A Monday Morning Memo for the Clients and Friends of Williams Marketing
Orphaned at the age of 7, she’s a black, self-made millionaire who offers powerful advice to all who will listen. “There is no royal flower-strewn path to success,” she once commented, “and if there is, I’ve not found it. If I have accomplished anything in life, it is because I have been willing to work hard.” To teenagers she says, “Don’t sit and wait for opportunities to come, you have to get up and make them.” But it’s on the subject of civil rights that her voice rings out most clearly; “America doesn’t respect anything but money. What our people need is a few millionaires.”
Her magnificent, 30 room Italian Renaissance mansion was designed by one of the world’s leading architects, and it’s name, “Villa Lewaro,” was given to it by Enrico Caruso, the legendary opera singer. Obviously, this is a woman of extraordinary elegance, wealth and taste.
Can you name our black female millionaire? I’ll give you a clue – she died exactly four years before television was invented. Now that sort of shoots your Oprah theory all to pieces, doesn’t it? No, the great opera singer Enrico Caruso wasn’t just an historical figure to Sarah Breedlove, he was a personal friend, and Sarah wasn’t just America’s first black, female millionaire. She was America’s first self-made female millionaire of any color.
Born in 1867 on a Louisiana plantation, Sarah was the daughter of former slaves who died when she was seven. When Sarah was 18, she had a baby girl. Her husband died 2 years later. Yes, the woman who would become known throughout the world as Madam C.J. Walker began her long walk toward fame and fortune as a black, 20 year-old widow with a 2 year-old baby on her arm. And she did it during a time when America was not only violently racist, but deeply sexist as well.
“I got my start by giving myself a start,” she says, “I came from the cotton fields of the South. I was promoted from there to the washtub. Then I was promoted to the cook kitchen. And from there I promoted myself into the business of manufacturing cosmetics. Everybody told me I was making a mistake.”
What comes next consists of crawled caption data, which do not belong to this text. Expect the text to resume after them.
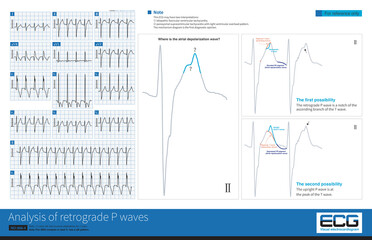 During an episode of tachycardia, retrograde P waves can overlap any part of the T wave, forming a T wave notch that is sometimes misdiagnosed as an upright P wave.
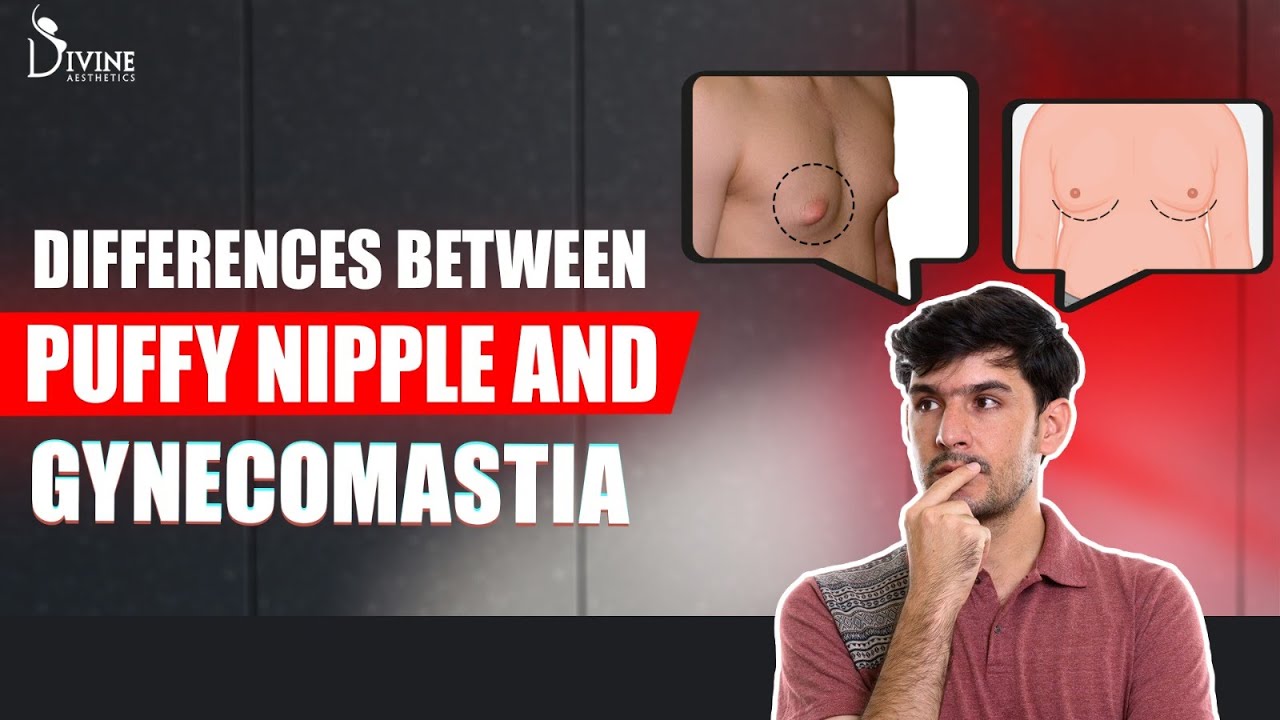 Puffy Nipples vs. Gynecomastia: Key Differences and Treatment Options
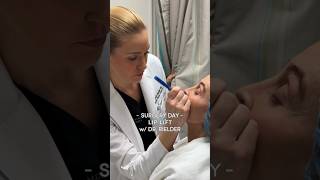 Cameron’s lip lift results will blow you away [upl. by Spring]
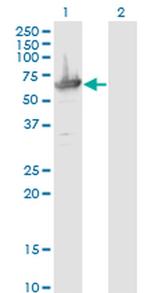 MCCC2 Antibody in Western Blot (WB)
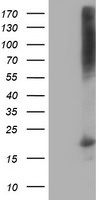 DSTN Antibody in Western Blot (WB)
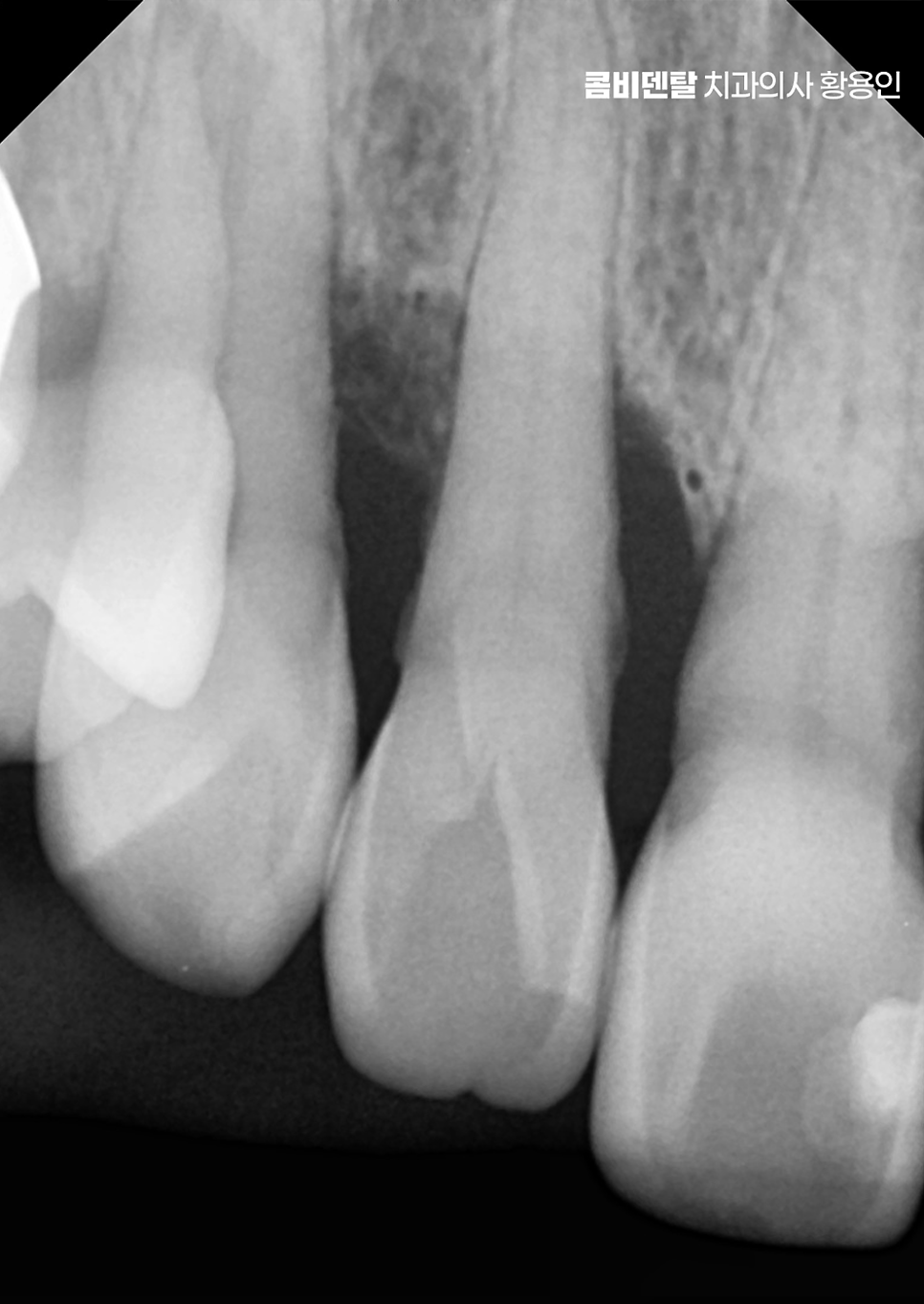 치아 사이 벌어짐 심해지는 이유부터 알아보면 관련 이미지 6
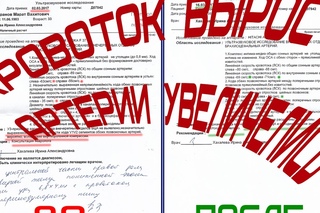 УЗДГ до и после Правки Атланта Гимранов М.В.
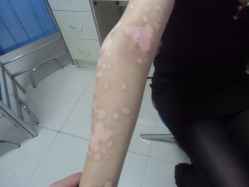 白癜风治疗
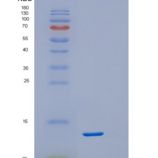 人DSCR1异构体b重组蛋白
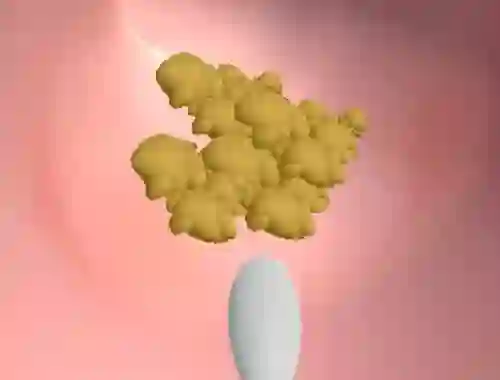 게임 Earwax Clinic 온라인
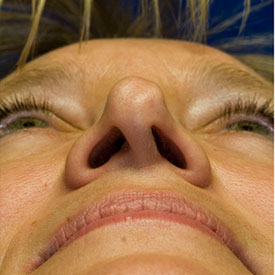 Before asymmetric nostril repair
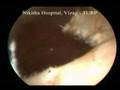 TURP Trans Urethral Resection Prostrate - Urology Video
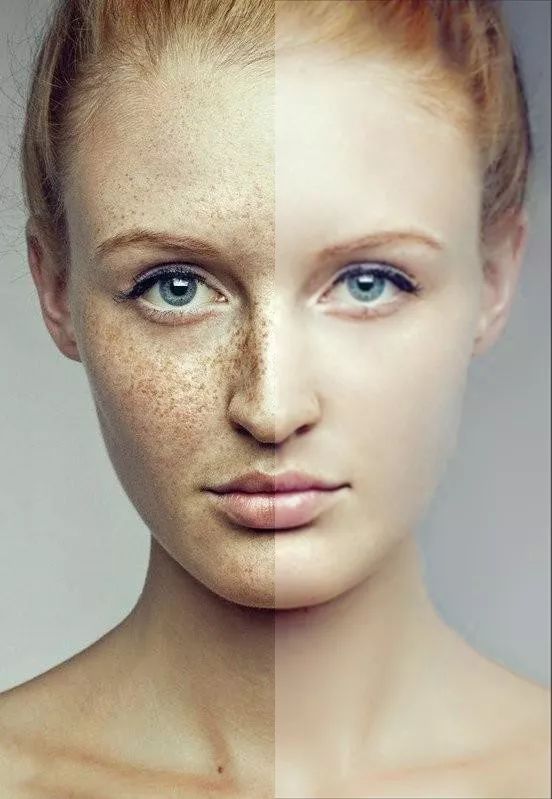 祛除脸部雀斑最有效的方法,有什么日常方法可以去除脸上雀斑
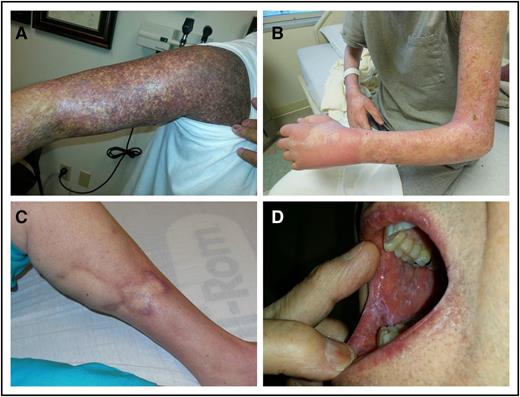Figure 2. Diagnostic skin and mouth manifestations. (A) Lichen planus and poikiloderma. (B) Fasciitis and sclerosis. (C) Sclerosis. (D) Oral lichen planus.
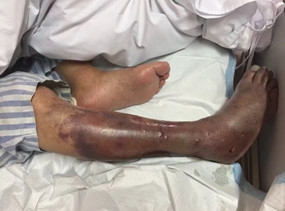 医生劝患者截肢保命 家人表示可以死但不能死无全尸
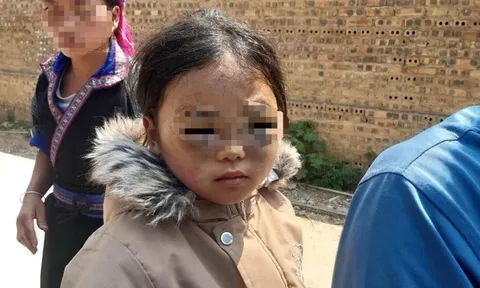 Yên Bái: Bé gái lớp 1 bị thâm tím mắt do cô giáo dùng thước gõ lên đầu?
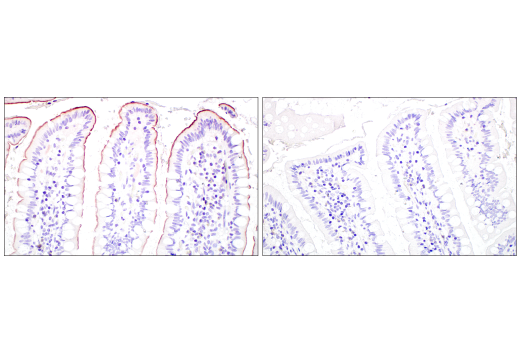 Immunohistochemistry Image 4: MUC13 (E6Z1K) Rabbit Monoclonal Antibody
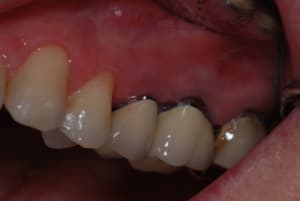 2 avt ext swkzaw - Eugenol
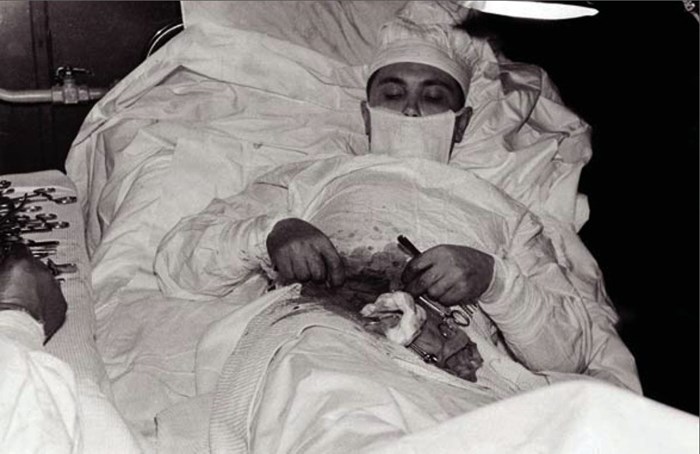 Dr. Leonid Rogozov izvodi operativni zahvat na sebi..Antarctica, 1961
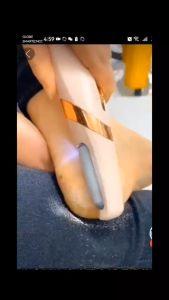 Portable Automatic Foot Peeling & Callus Grinding Device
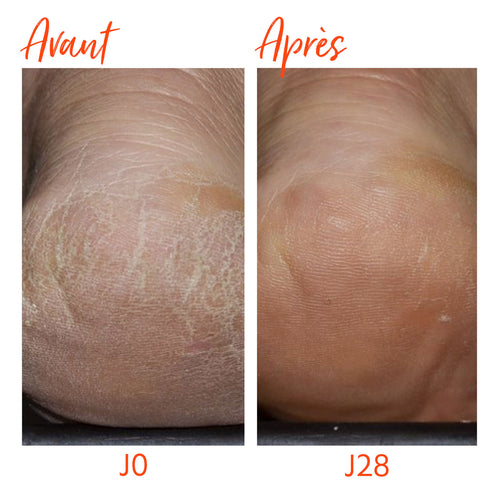 Crème Protectrice Pieds Fragilisés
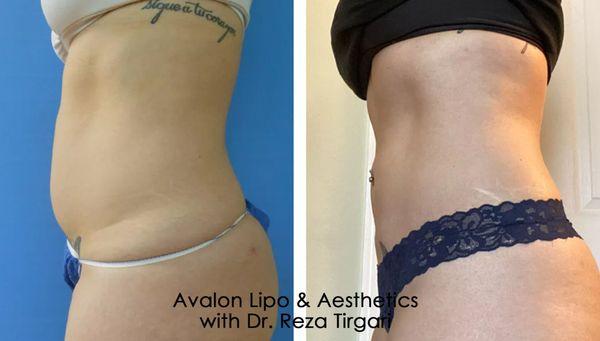 Before & After Liposuction with Dr. Tirgari - www.lipoandaesthetics.com - Abdomen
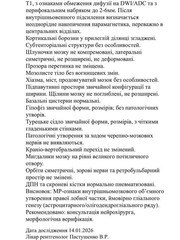 kachan-istoriya-bolezni-foto-2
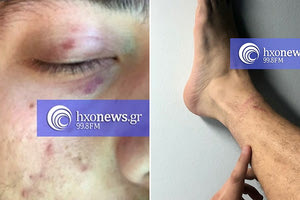 Μία σοκαριστική καταγγελία για την προσαγωγή, τον άγριο ξυλοδαρμό και βασανισμό του από αστυνομικούς του Α.Τ. Ιεράπετρας έκανε 25χρονος, με αφορμή τον έλεγχό του για την απαγόρευση κυκλοφορίας.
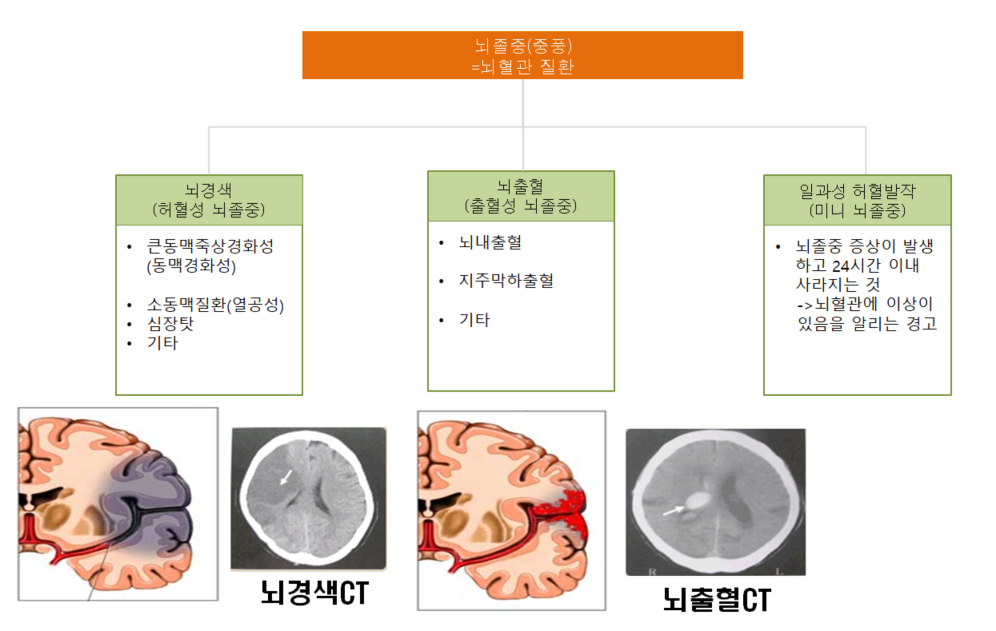 뇌졸중 사진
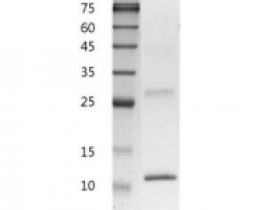 重组小鼠IL4/白介素4,无动物源&无载体蛋白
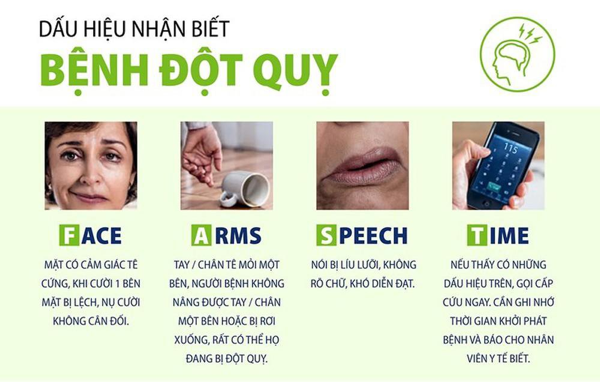 dấu hiệu bệnh đột quỵ não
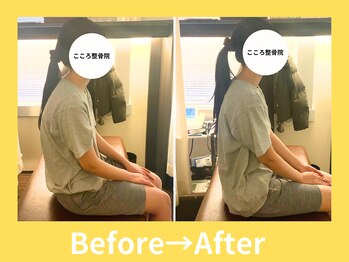 こころ整骨院/20代女性のビフォーアフター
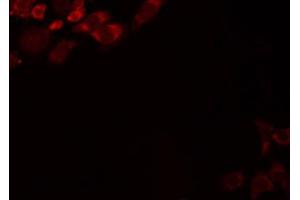 ABIN6274469 staining LOVO by IF/ICC. (JAKMIP2 antibody  (C-Term))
Evidently, “everybody” was wrong.
How about you? Do you have the patience, tenacity and grit to bang the hammer of hard work against the anvil of your disadvantages until you’ve pounded your future into a shape that you like? Or do you just plan to sit there with your fingers crossed and wait for “your big break” and then, when it doesn’t come, whine about how you “never had a chance?”